In 2010, the sugar and alcohol company São Martinho decided to have Petrobras itself as a partner in two of its plants. The transaction was made through an injection of funds by the state-owned company in a wholly-owned subsidiary. After a decision of the technical area of CVM, São Martinho offered the deal, on equal terms given to Petrobras, to its minority shareholders.

In 2011, Otávio Yazbek, former chairman of CVM, talked about the explanation for the existence of Article 253, during a voting in the collegiate. According to him, in groups with multiple partners, “tends to occur a shift of some decision-making powers, shirking the involved companies’ minorities shareholders from the process. In this manner, for example, the managers of the parent Company are the ones who vote at meetings of the wholly-owned subsidiary, so the minority shareholders are not able to take part in important discussions and that may affect them directly. This kind of effect is not only political, but also patrimonial, allowing the emptying of the parent company’s activities or the dilution of the minority shareholders without the typical defense mechanisms being applied”.

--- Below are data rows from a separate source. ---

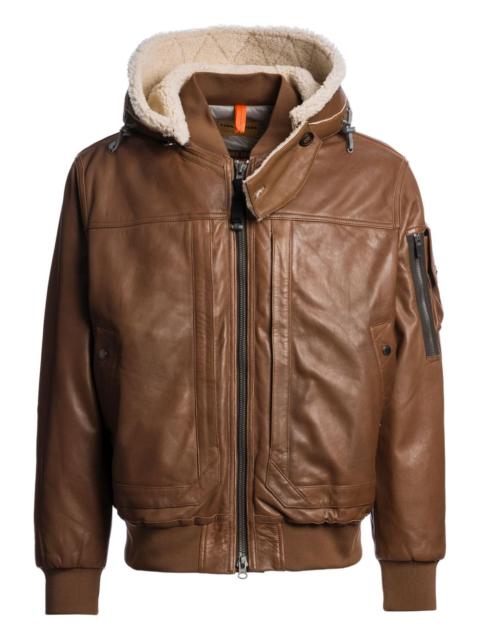 PARAJUMPERS hooded leather jacket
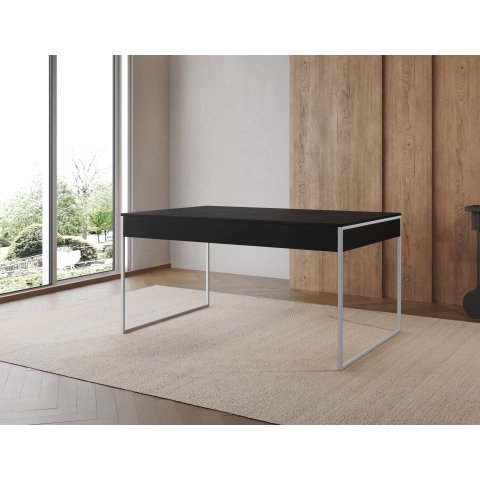Mesa Industrial Filadélfia 137x90 Ferro Branco Tampo Preto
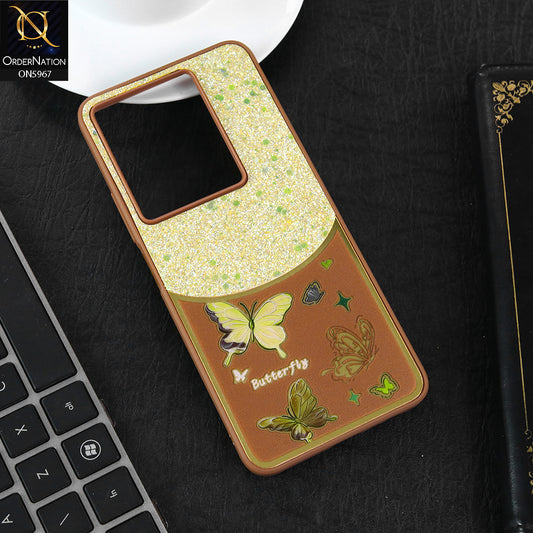 Infinix Note 40 Cover - Brown -  New Trendy Butterfly Moeity Glitter Soft Borders Shiny Case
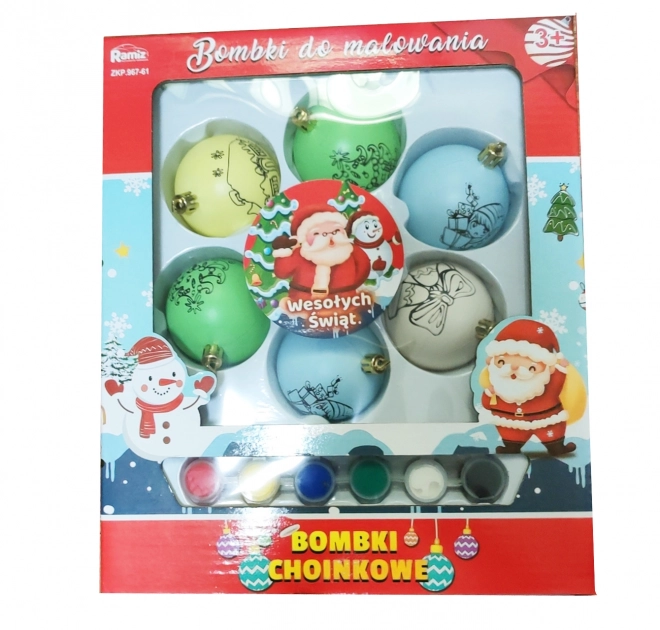 Set di palline di Natale con colori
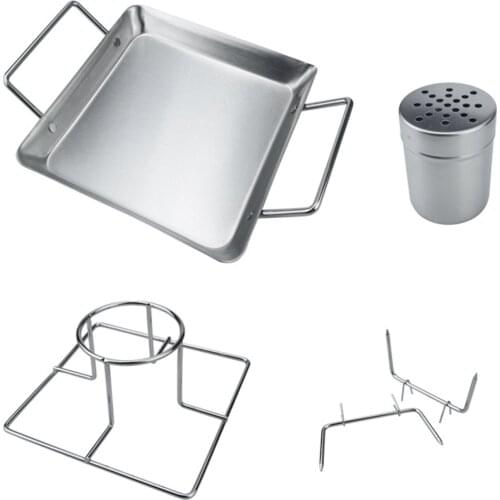 Stainless Steel Grill Chicken Rack Beer Can Duck Barbecue Rack Cave Tools BBQ Roaster Holder Detachable Bakeware Set Amicable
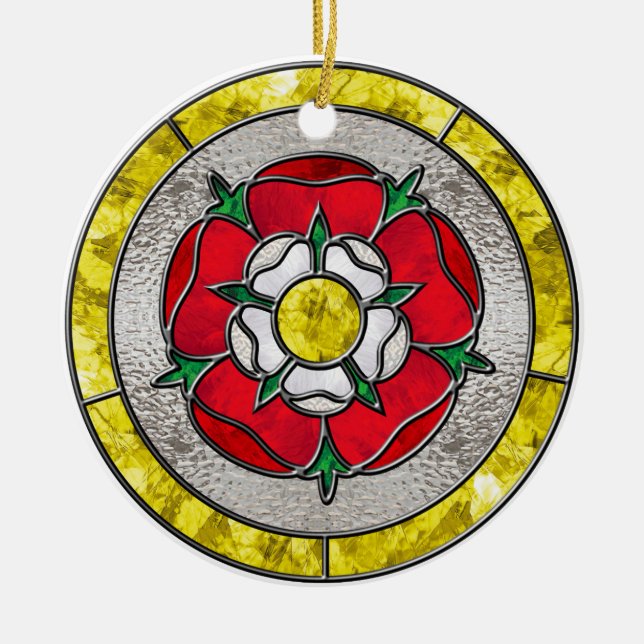 Glass Rose Ceramic Ornament (Front)
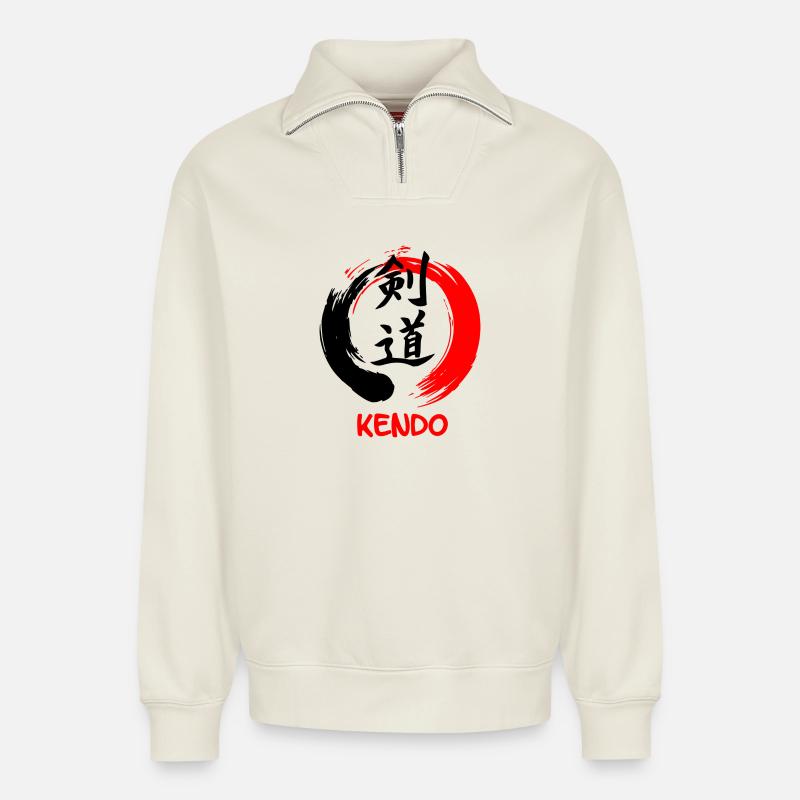 Kendo in enso zen circle - Relaxed Unisex Organic Half Zip Sweatshirt – by SPREAD - off white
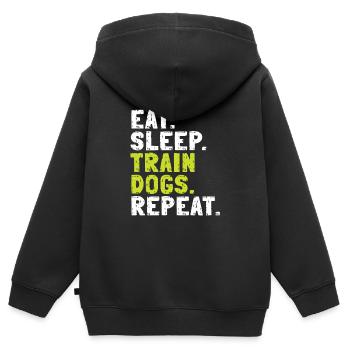 Hundetrainer Hundetrainer - Kinder Premium Organic Zip Hoodie - Schwarz - Hinten - AI Model Kid Male (0cm)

Marcelo Trindade, former chairman of the regulator, when defending the transactions of stock incorporations under complete incorporations, in 2005, wrote that Article 253 is an “additional right”, as it provides the preference, “if and when they are fully or partially sold, in order to subscribe the capital increase of the company, if it admits new shareholders, no longer being a wholly-owned subsidiary”.

When Unibanco wanted to sell its shares in treasury, in 2005, a discussion with CVM on the preference made the director Luiz Antônio de Sampaio Campos to point out that “the only event which provides such preemptive right is in the assumption of admission of shareholders in the wholly-owned subsidiary”. Such right is “erratically specific”.


In answer to the Official Letter No. 202/2016CVM/SEP/GEA3, Petrobras clarifies that, in May 25, 2016, the Company made a consultation to CVM seeking to confirm their understanding on the inapplicability of Article 253 of the Brazilian Corporations Law, which deals with the preemptive right to shareholders of the parent company in the event of disposal of shares of a wholly-owned subsidiary, regarding the sale of part of the shares of BR Distribuidora.

The technical area of CVM has not confirmed the understanding of the Company, which is why Petrobras appealed to the Collegiate of the Local Authority and is awaiting the trial of the matter.

Petrobras informs that it is not yet possible to assess any impact of the decision on the proposed operation.

Facts deemed relevant on this subject will be timely communicated to the market.